Toshiba Electronic Devices & Storage Corporation has expanded its 74AVC Series of dual power-supply bus transceivers with new 1-bit and 2-bit products for low-voltage level shifting.

The new 1-bit devices are the 74AVC1T45NX, 74AVCH1T45NX, 74AVC1T45FU, and 74AVCH1T45FU. The 2-bit additions are the 74AVC2T45FK and 74AVCH2T45FK. They extend the existing 74AVC range, giving designers smaller bit-count options for communication interfaces where a wider bus transceiver would add unnecessary channels.

The devices are designed for bidirectional voltage-level shifting between low-voltage systems and conventional-voltage systems. Depending on the product, the range supports operation from 0.7V or 0.8V up to 3.6V, making the family suitable for systems where newer SoCs operate at reduced voltage while surrounding circuitry, sensors, or legacy interfaces remain at higher voltage levels.

Toshiba is offering the parts in small package variants including leadless XSON6, leaded SOT-363, and SOT-765 packages. The 74AVC1T45NX and 74AVCH1T45NX are 1-bit devices in XSON6 packages measuring 1.45mm by 1.0mm by 0.48mm. The 74AVC1T45FU and 74AVCH1T45FU are 1-bit devices in SOT-363 packages, while the 74AVC2T45FK and 74AVCH2T45FK are 2-bit devices in SOT-765 packages.

The new transceivers use a push-pull buffer configuration for high-speed operation and are intended for interfaces including UART, GPIO, and SPI. They support dual power supplies without power-on or power-off sequence restrictions, using DIR pins for directional control and a high-impedance control method through the power-supply pins.

The 74AVCH versions also include an internal bus-hold function, which retains the previous input state when an input pin is floating. That can reduce the need for external pull-up or pull-down resistors and help avoid undefined signal states in compact designs.
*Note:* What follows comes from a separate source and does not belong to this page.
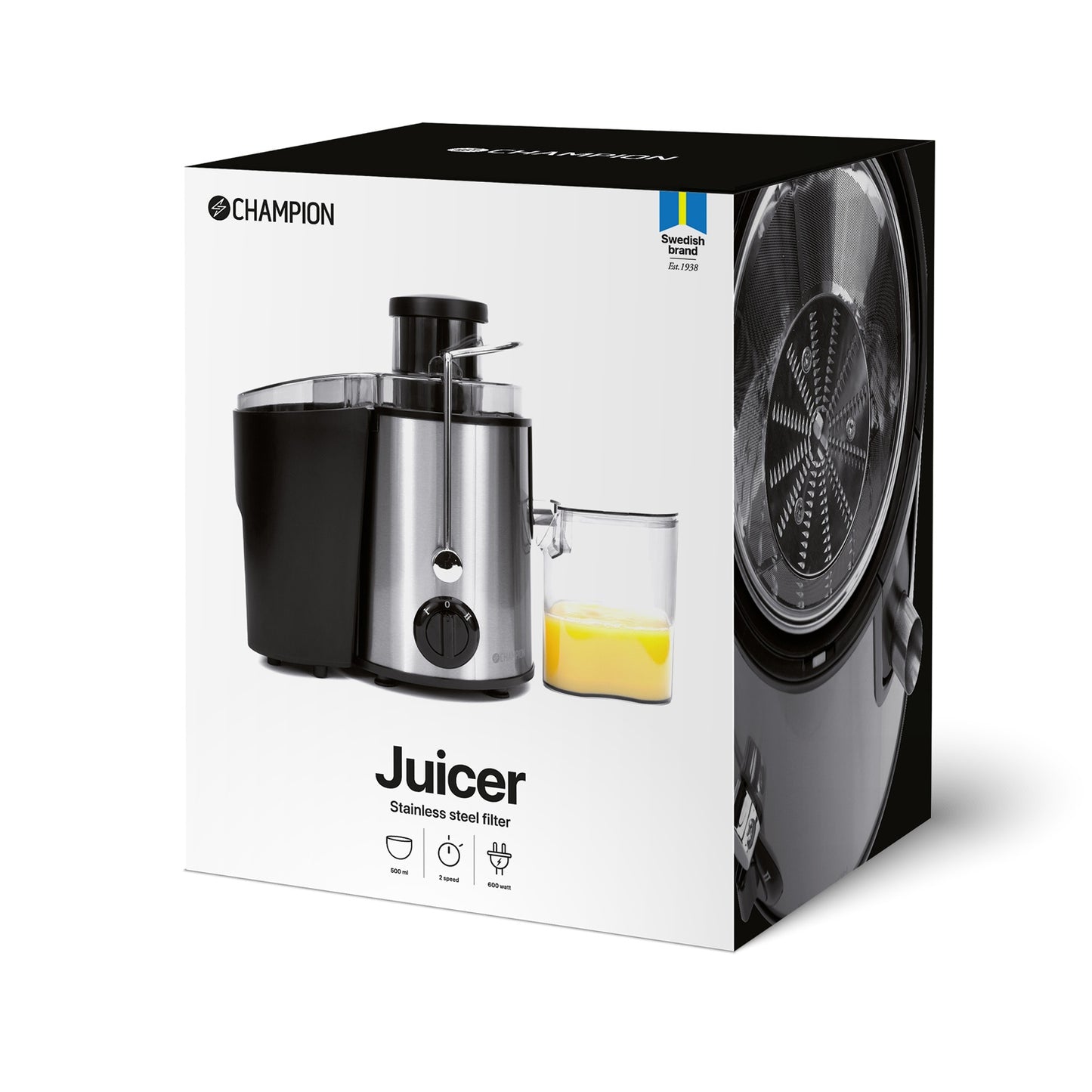 Juicer 600W, 0.5L Stainless Steel, Black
The expansion follows a familiar change in embedded system design. Processor voltages continue to fall as SoCs are tuned for performance per watt, particularly in edge AI, portable equipment, industrial control, and data-processing applications. Many surrounding devices still rely on 1.8V, 2.5V, 3.3V, or mixed-voltage signalling, leaving board designers to bridge several voltage domains inside the same product.
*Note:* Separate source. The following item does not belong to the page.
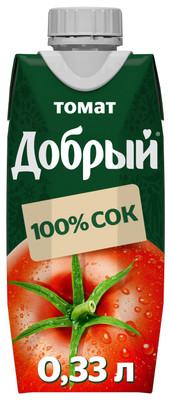 Сок Добрый томатный с сахаром и солью, 330мл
Level shifting has therefore become a routine part of board architecture rather than an occasional interface fix. Low-voltage compute silicon often has to connect to sensors, memory-control signals, debug interfaces, expansion headers, and external communications devices operating at different levels. The translation component has to preserve signal integrity while fitting into dense layouts and supporting predictable start-up and shutdown behaviour.

Small bit-count devices are valuable in that environment because not every interface requires a four- or eight-bit solution. A two-line UART, a small GPIO group, or selected SPI control lines can be handled with 1-bit or 2-bit devices, reducing board area and avoiding unused channels. The smaller packages also allow interface conditioning to sit close to SoC pins, simplifying routing in compact embedded designs.

Power sequencing remains a practical constraint in mixed-voltage systems. Poorly controlled interfaces can lead to back-powering, bus contention, or undefined states during start-up and shutdown. Devices that remove sequencing restrictions and provide direction and high-impedance control reduce the burden on system-level power design.

The additions to Toshiba’s 74AVC range provide more granular options for interface-level voltage translation. The devices sit deep inside the schematic, but their role is central to making low-voltage processors, peripheral interfaces, and mixed-supply architectures behave cleanly once the board is assembled.